First, let’s open a new R script and save it as phylotree_visualisation.R in the bootcamp directory. We can, then, set the working environment, load the necessary R packages, and read the data into R.

## set up the working environment
setwd(file.path(Sys.getenv("HOME"), "Desktop", "bootcamp"))
list.files()

## load necessary R packages
for (pkg in c("ape", "tidyverse", "ggtree")) {
  if (!require(pkg, character.only = TRUE)) install.packages(pkg)
  library(pkg, character.only = TRUE)
  cat(pkg, "version:", as.character(packageVersion(pkg)), "\n")
}

## read data into R
metadata <- read.table(file.path("4.results", "metadata_filtered.txt"), header = TRUE, sep = '\t', row.names = 1, check.names = FALSE, comment.char = '')
count_table <- read.table(file.path("4.results", "count_table_filtered.txt"), header = TRUE, sep = '\t', row.names = 1, check.names = FALSE, comment.char = '')
phylo_tree <- read.nexus(file.path("6.phylotree", "asvs_aligned-tree.tree"))

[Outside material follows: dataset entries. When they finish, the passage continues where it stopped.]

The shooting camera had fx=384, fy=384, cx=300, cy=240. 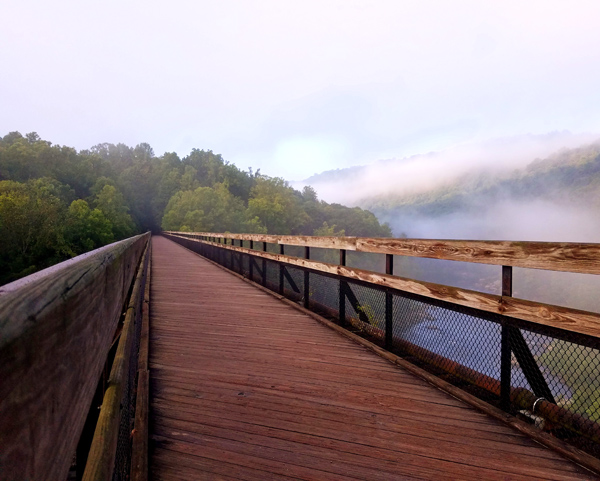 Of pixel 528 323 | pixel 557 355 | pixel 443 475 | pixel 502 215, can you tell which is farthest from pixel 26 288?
pixel 502 215

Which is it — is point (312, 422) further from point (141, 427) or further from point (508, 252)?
point (508, 252)

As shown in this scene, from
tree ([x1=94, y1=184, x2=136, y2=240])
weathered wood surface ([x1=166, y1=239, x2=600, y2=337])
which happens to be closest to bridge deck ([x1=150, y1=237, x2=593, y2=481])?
weathered wood surface ([x1=166, y1=239, x2=600, y2=337])

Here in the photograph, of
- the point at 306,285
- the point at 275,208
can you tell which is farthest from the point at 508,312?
the point at 275,208

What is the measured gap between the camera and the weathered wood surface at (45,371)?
35 centimetres

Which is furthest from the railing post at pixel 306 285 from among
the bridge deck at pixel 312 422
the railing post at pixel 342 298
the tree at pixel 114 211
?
the tree at pixel 114 211

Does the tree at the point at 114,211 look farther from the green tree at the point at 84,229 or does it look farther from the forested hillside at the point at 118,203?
the green tree at the point at 84,229

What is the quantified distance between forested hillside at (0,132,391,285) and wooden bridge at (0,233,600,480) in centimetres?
4708

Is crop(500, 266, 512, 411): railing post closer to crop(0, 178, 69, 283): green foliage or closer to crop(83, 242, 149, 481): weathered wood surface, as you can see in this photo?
crop(83, 242, 149, 481): weathered wood surface

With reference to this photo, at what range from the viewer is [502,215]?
190 m

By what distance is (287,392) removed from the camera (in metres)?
2.69

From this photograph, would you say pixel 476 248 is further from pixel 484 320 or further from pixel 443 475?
pixel 443 475

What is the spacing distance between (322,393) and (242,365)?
0.85 metres

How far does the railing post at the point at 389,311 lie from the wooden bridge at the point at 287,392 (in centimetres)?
2

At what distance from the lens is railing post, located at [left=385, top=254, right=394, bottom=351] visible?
3.43 m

To plot presence-absence data per location on the phylogenetic tree, we first have to reformat the data, by grouping samples per location and transforming the data to presence-absence. Then, we have to set 0 values to NA and set 1 values to the location name. This last step is essential for creating the heatmap we will plot over the phylogenetic tree.

## reformat data
metadata <- metadata %>%
  mutate(sample = rownames(.))
count_location <- count_table %>%
  t() %>% as.data.frame() %>%
  rownames_to_column("sample") %>%
  left_join(metadata %>% select(sample, sampleLocation), by = "sample") %>%
  select(-sample) %>%
  group_by(sampleLocation) %>%
  summarise(across(everything(), sum, na.rm = TRUE)) %>%
  mutate(across(-sampleLocation, ~ if_else(.x > 0, 1, 0))) %>%
  column_to_rownames("sampleLocation") %>%
  t() %>% as.data.frame()
count_location[count_location == 0] <- NA
column_names <- names(count_location)
for (col in column_names) {
  count_location[[col]] <- ifelse(count_location[[col]] == 1, col, count_location[[col]])
}

Once we have the data formatted, we can plot the graph using the ggtree R package.

## plot tree
sample_colors <- c("Akakina" = "#EAE0DA", "Asan" = "#A0C3D2", "Ashiken" = "#E7C8C0", "Edateku" = "#B5C7A4",
                   "Gamo" = "#D4BBDD", "Heda" = "#F2D7A7", "Imaizaki" = "#A2D9D1", "Kurasaki" = "#DFA7A7", "Sakibaru" = "#C5D0E6", 
                   "Sani" = "#D9C5A0", "Taen" = "#B7D9C4", "Tatsugo" = "#E3B7D1", "Yadon" = "#A8C6D9")
circ1 <- ggtree(phylo_tree, layout = "fan", open.angle = 20, size = 0.05, color = "grey30")
circ2 <- rotate_tree(circ1, 280)
circ3 <- gheatmap(circ2, count_location, width = 0.5, offset = -0.0272,
                  color = NA, hjust = 0.5, font.size = 3, colnames = FALSE) +
  scale_fill_manual(values = sample_colors, na.value = NA) +
  theme(legend.position = "top") +
  geom_vline(xintercept = c(1.385, 1.45, 1.51, 1.575, 1.64, 1.705, 1.77,
                            1.83, 1.895, 1.955, 2.02, 2.085), linewidth = 0.1)
circ3
ggsave(filename = file.path("4.results", "phylogenetic_tree.png"), plot = circ3, bg = "white", dpi = 300) 

_images/phylogenetic_tree.png — Fig. 66 : Phylogenetic tree with overlaid heatmap for ASV detection per location using the ggtree R package.#

Additional customisation

Maybe try yourself to change this phylogenetic tree plot by colouring branches based on the assigned phylum. When trying, it would be best to subset the data and prune the tree to only include high confidence BLAST-hits.